Number of clusters in eye positions.

Clustering the eye positions emphasizes the most attractive regions of scene. Figure 6 shows the mean number of clusters for color and grayscale stimuli according to stimulus category. As for dispersion, a repeated measures ANOVA was run with the Stimulus Category as a between-item factor and the Stimulus Condition (color, grayscale) as a within-item factor. A principal effect was observed for the Stimulus Category, F(3,130) = 4.4;p < 0.005), as well as for the Stimulus Condition, F(1,130)= 4.9;p < 0.03). However, no effect of the interaction of Stimulus Condition × Stimulus Category was observed, (F(3,130)= 0.374;ns).

Bonferroni multiple comparison tests showed that the mean number of clusters for the night light outdoor category was lower than that for the daylight outdoor and indoor categories (p < 0.01). This result reinforced the previous result on the smaller dispersion for this category.
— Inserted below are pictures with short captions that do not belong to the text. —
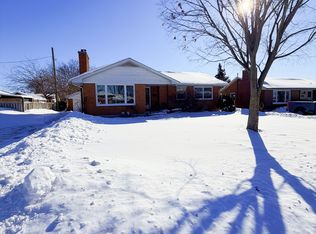 37 Stormont Dr, London, ON N5Z3Z4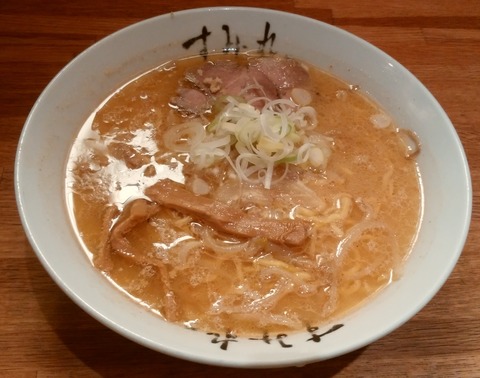 yDSC_6143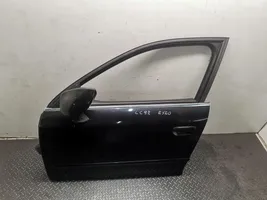 Seat Exeo (3R) Drzwi przednie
Contrary to the dispersion metric, clustering metric showed a significant effect of the color. The mean number of clusters for color stimuli was higher than for grayscale (1.62 versus 1.58). Even the effect of color was small regarding the mean number of clusters, it might reveals that color increases the number of fixated regions and hence the number of salient regions. Figure 7 shows an example frame with the regions of interest for color (red ellipses) and those for grayscale ( green ellipses).
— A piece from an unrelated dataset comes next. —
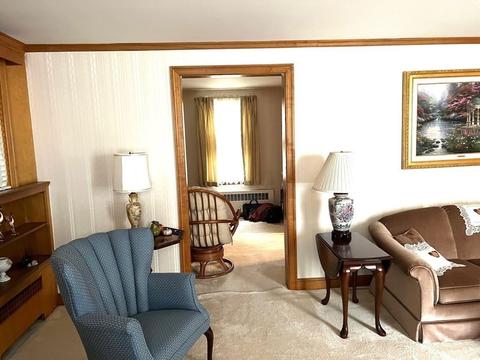 424 Union Ave, Framingham, MA 01702 photo 14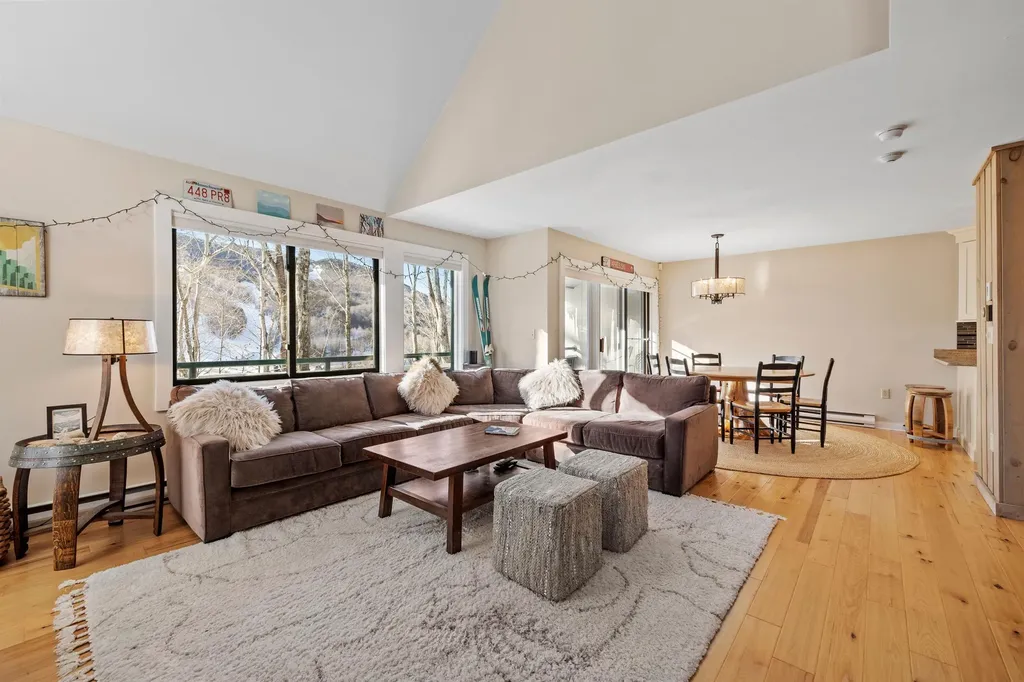 20a Bridgeview Road Lincoln NH 03251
Finally, we analysed the temporal evolution of the mean number of clusters, Figure 8. We ran repeated measures ANOVA with the Stimulus Category as a between-item factor and the Stimulus Condition (color, grayscale) and Period of Observation (early, middle and late) as within-item factors. We observed a principal effect of the Stimulus Condition (F(1,112) = 9.7;p < 0.001), a principal effect of the Period of Observation (F(2,224)=2.46;p<0.001), and a principal effect of the Stimulus Category (F(3,112)= 2.9;p < 0.05). A significant effect of the interaction of the Stimulus Condition × Period of Observation was also observed, (F(2,224)= 14.5;p < 0.0001).Finally, no effect of the triple interaction was observed. As shown in Figure 8, in the early period of observation there is no significant difference between the mean number of clusters for color and grayscale stimuli. But, in the middle period of observation, the mean number of clusters for color stimuli is higher than that for grayscale (1.67 vs 1.61), and this effect persists in the late period of observation (1.86 vs 1.82).

Duration of fixations and amplitude of saccades

To assess the influence of color information on eye movements, we also studied the duration of the fixations and the amplitude of the saccades. Two separate repeated measures ANOVA were run with the Stimulus Category as a between-item factor and the Stimulus Condition (color, grayscale) as a within-item factor.

For the mean duration of the fixations, a principal effect of Stimulus Category (F(3,130)= 11.71, p < 0.001) was observed. But, we observed no effect of Stimulus Condition (color, 318 ms versus grayscale, 324 ms, F(1,130) = 0.36, p = 0.55), or of the interaction of Stimulus Condition × Stimulus Category (F(1,130) = 0.52, p = 0.68). Bonferroni multiple comparisons were run to determine which categories were different from the other categories. The mean duration of the fixations for the night light outdoor category was higher than for the other three categories (night light outdoor: 373 ms versus daylight outdoor: 307, indoor: 290 and urban roads: 314 ms, p < 0.01).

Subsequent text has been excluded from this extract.